2.3.2. ITD Using ALS Data (Stage 1B)

Algorithms for ITD can be divided into those that use raster data from the vegetation canopy model (CHM) and those that use the ALS point cloud directly [26]. Most of these algorithms are based on finding local maxima (LM) of height both in the point cloud and in the MDAV [17,27]. Additionally, since individual tree branches can generate some false local maxima, smoothing filters are often applied to remove them [63]. As a result, the parameterization of LM algorithms focuses on two parameters: a smoothing window size (SWS) and a tree window size (TWS), which defines a fixed limit within which the algorithm searches for the tops of the trees [28,64]. Although there are many algorithms to perform ITD, the most common in the forestry field are the packages used from the R software [65], such as FORESTTOOLS [66], LIDR [67] and RLIDAR [68,69], as well as the algorithms integrated in FUSION/LDV [70], such as TREESEG and CANOPYMAXIMA [71]. In this work, a pre-selection was realized and finally the FORESTTOOLS package was chosen, based on a smoothed CHM developed with FUSION [70]. In this way, the LIDAR point cloud data was first downloaded from the IGN website. The smoothed CHM was then generated using FUSION software (CANOPYMODEL procedure, cellsize = 0.25 and smooth = 3). This CHM was clipped with the vector layer of buildings that can be downloaded from the Pamplona City Council website. From this clipped CHM, treetops were found with the R package FORESTTOOLS. Different parameterizations were evaluated, and it was considered that the one that offered the best results was the following: “minHeight = 2; winFun = 0.12 x + 0.5; maxWinDiameter = NULL; minWinNeib = queen”. Each of the treetops had a unique Id and incorporated the height measured over the CHM. Figure 5 shows a schematic of the process followed.

2.3.3. False Positive Debugging through CV Using GSV Imagery (Stage 2A)

In stage 1A, we selected all GSV images every 10–15 m and we applied the object detection algorithm on all of them, identifying in each of them each tree (stem and crown) with a unique Id.
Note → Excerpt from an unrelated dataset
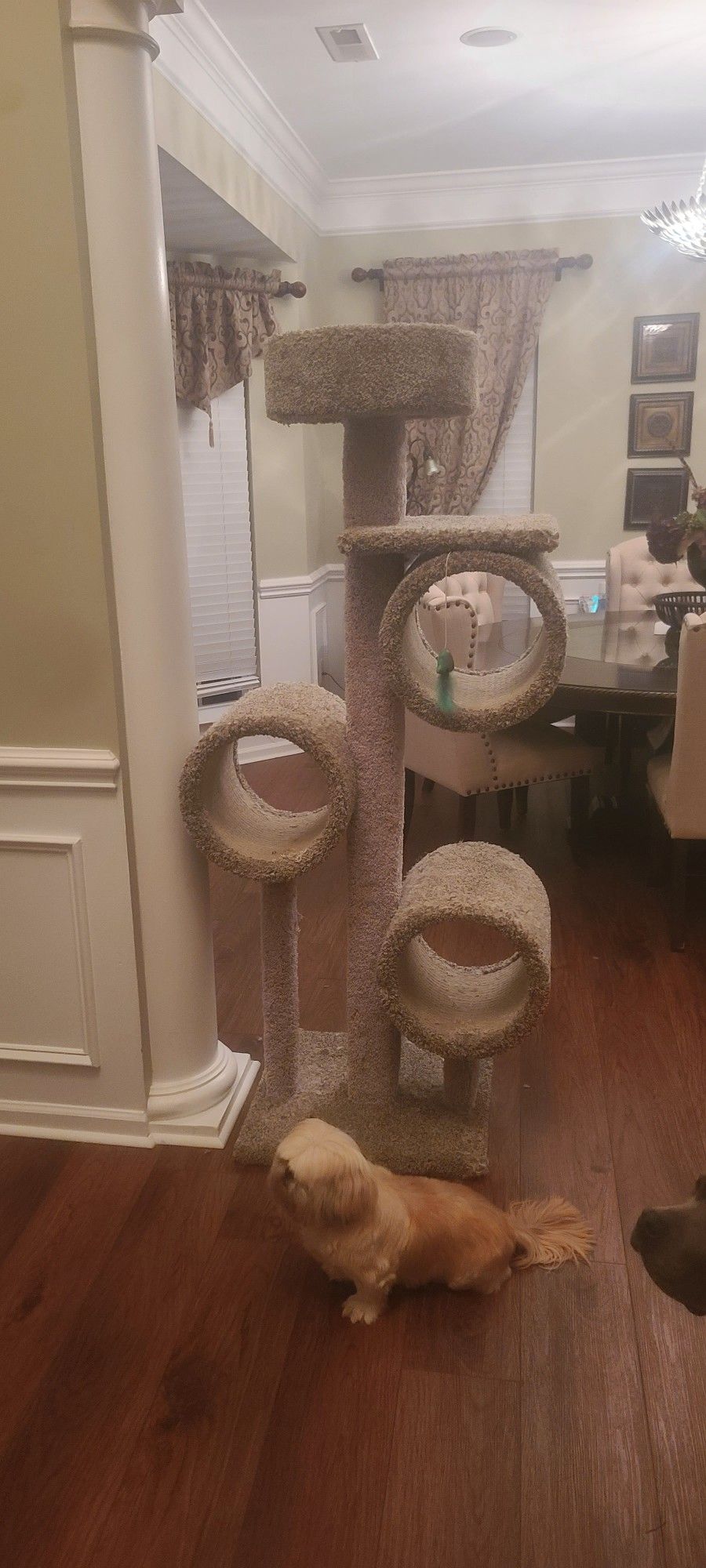 Cat Tree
In stage 2A, the procedure was the other way around. First, we started from the trees identified in stage 1, then we selected the three closest images to each of the trees and downloaded them through the Google API. For each of the trees, we analyzed whether that tree was detected in the three closest images. Then, we positioned it using trigonometry and checked if all three positions obtained were less than 4 m away from each other. When this happened, we considered it to be a single tree and positioned it at the centroid of the three positions. Figure 6 shows a schematic of the process followed.
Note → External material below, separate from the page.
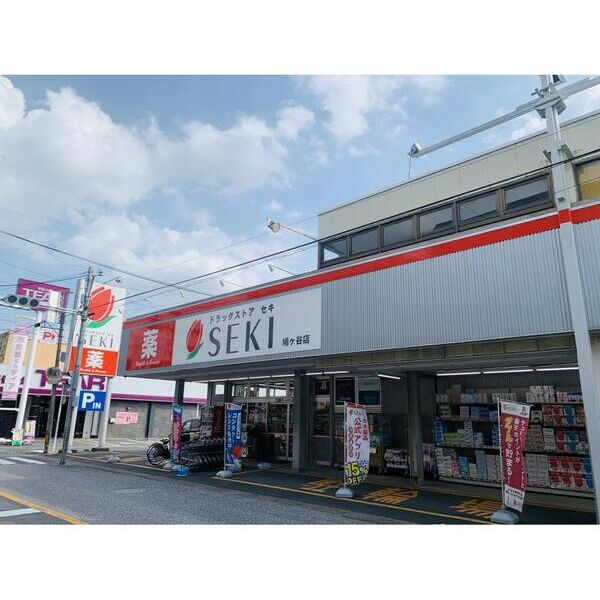 キャメル鳩ケ谷本町205号室 周辺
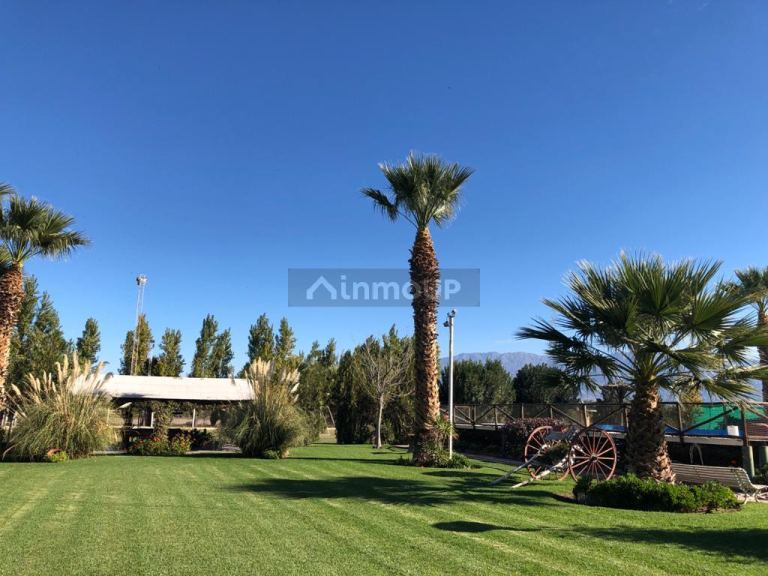 Quinta en Venta en Pocito, San Juan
2.3.4. False Positive Debugging through ML Using RGB and NIR Orthophotos (Stage 2B)

For each tree detected in stage 1, a buffer of 50 cm radius was generated and the zonal statistics (mean and standard deviation) of each of the bands of the different orthophotos (RGB-2017, RGB-2014, and NIR-2017) were calculated. A ML algorithm was then trained using a ground truth of 15,766 points sampled from orthophotos to determine whether points detected corresponded to the classes TREE or NOT TREE. To reduce the training processing time, a variable selection was performed using the VSURF procedure [72]. The four most used algorithms in ML for this type of training were evaluated [73]; ANN, SVML, SVMR, and RF, executing the NNET, SVMLINEAR, SVMRADIAL, and RF methods using the CARET package in R software [74]. Finally, a cross-validation was performed using three replicates to control for overfitting. As in the previous method, trees that were less than 4 m away from each other were grouped.
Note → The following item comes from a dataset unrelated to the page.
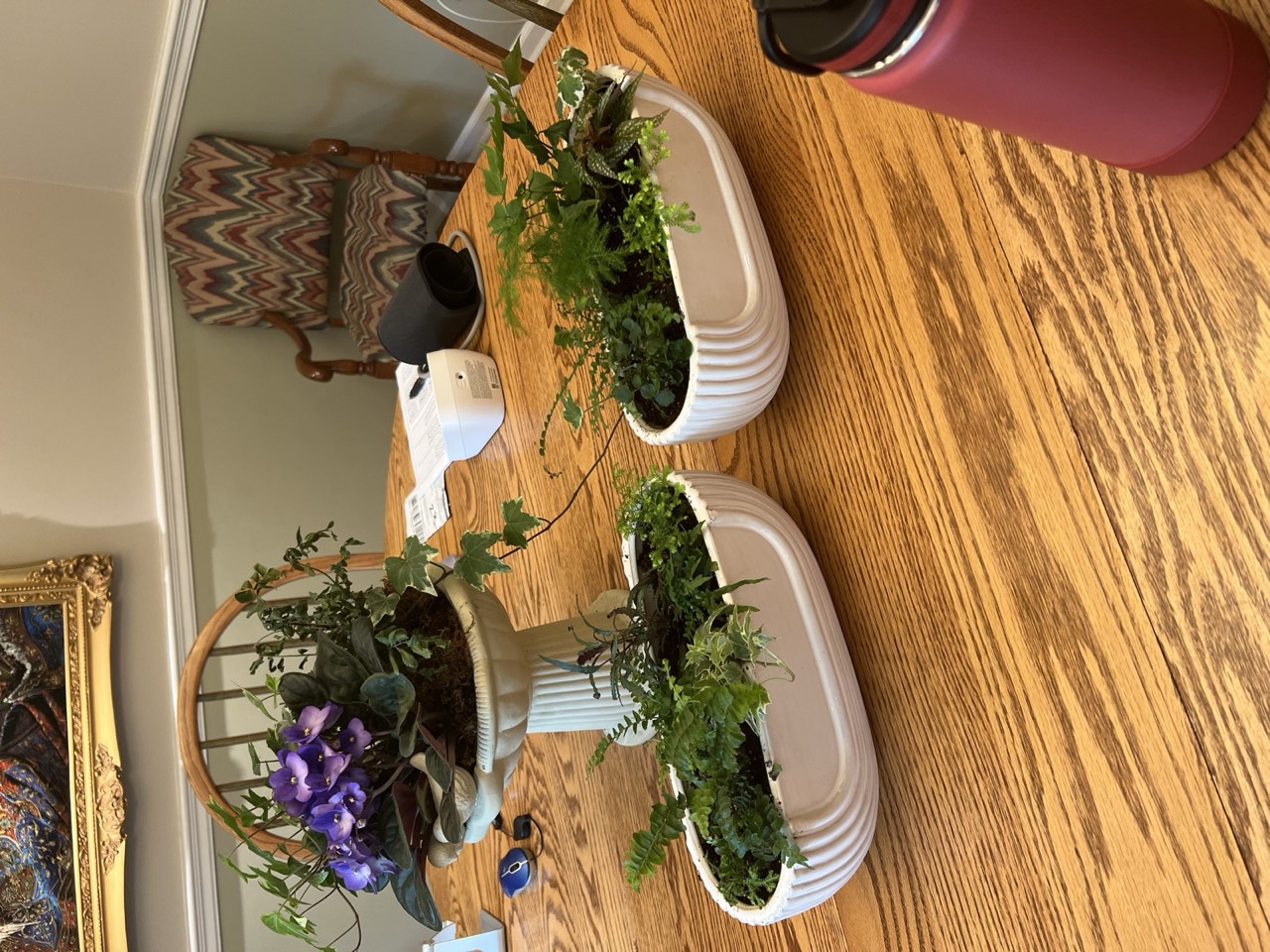 Planted table bowls with ferns and a violet accent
2.3.5. Merging Nearby Trees

The method is based on the methodology proposed by Picos et al. [55] to perform ITD in Eucalyptus. This false positive debugging starts by creating a 2D buffer around the detected and projected treetop. The width of the buffer should be above the X-Y point spacing and below the tree spacing. As the spacing between urban trees is usually larger than in the forest, we tested higher distances than Picos et al. [55], starting at 2 m and ending at 5 m, obtaining the best results for a distance of 4 m. This distance of 4 m coincides with the distance threshold selected by Wegner et al. [38] for considering a tree as a TP. As a result, the point cloud was transformed into a polygon cloud. The intersecting treetops were then combined into a single polygon. These centroids approximate the geospatial position of each individual tree.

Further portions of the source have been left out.